Entries shown Start Marker
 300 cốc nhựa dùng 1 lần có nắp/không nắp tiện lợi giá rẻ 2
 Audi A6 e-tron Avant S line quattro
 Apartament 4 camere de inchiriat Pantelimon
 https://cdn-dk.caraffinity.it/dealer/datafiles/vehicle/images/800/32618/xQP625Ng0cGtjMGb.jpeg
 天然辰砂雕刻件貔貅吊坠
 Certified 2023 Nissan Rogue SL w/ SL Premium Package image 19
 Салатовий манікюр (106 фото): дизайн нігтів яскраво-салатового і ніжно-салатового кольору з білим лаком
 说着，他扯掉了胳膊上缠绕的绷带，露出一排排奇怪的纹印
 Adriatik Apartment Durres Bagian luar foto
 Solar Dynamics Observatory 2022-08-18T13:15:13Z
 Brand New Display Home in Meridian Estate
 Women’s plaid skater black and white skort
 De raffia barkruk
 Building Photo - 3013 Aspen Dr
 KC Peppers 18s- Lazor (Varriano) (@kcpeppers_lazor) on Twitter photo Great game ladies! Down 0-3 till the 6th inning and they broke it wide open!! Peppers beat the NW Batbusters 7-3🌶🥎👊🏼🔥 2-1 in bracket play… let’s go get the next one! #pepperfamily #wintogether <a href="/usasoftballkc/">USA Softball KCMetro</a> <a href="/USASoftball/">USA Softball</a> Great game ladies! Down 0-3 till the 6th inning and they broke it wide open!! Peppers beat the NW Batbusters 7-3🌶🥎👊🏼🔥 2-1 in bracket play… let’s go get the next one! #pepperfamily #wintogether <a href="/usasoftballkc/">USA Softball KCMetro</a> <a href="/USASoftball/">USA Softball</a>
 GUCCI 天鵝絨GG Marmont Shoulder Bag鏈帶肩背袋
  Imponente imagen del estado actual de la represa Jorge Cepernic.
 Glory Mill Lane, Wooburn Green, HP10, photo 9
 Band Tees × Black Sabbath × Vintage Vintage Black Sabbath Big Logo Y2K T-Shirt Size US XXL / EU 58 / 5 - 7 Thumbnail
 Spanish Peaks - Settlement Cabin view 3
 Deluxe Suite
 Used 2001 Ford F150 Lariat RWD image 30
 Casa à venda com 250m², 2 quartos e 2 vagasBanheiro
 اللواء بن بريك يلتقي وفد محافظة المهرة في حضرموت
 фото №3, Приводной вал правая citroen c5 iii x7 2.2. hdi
Entries shown End Marker
__What needs to be done__:
Please retype, with no changes, the lines that run from the first line of the entries to the line with "Brand New Display Home in Meridian Estate", both ends included.

__Answer space__:
 300 cốc nhựa dùng 1 lần có nắp/không nắp tiện lợi giá rẻ 2
 Audi A6 e-tron Avant S line quattro
 Apartament 4 camere de inchiriat Pantelimon
 https://cdn-dk.caraffinity.it/dealer/datafiles/vehicle/images/800/32618/xQP625Ng0cGtjMGb.jpeg
 天然辰砂雕刻件貔貅吊坠
 Certified 2023 Nissan Rogue SL w/ SL Premium Package image 19
 Салатовий манікюр (106 фото): дизайн нігтів яскраво-салатового і ніжно-салатового кольору з білим лаком
 说着，他扯掉了胳膊上缠绕的绷带，露出一排排奇怪的纹印
 Adriatik Apartment Durres Bagian luar foto
 Solar Dynamics Observatory 2022-08-18T13:15:13Z
 Brand New Display Home in Meridian Estate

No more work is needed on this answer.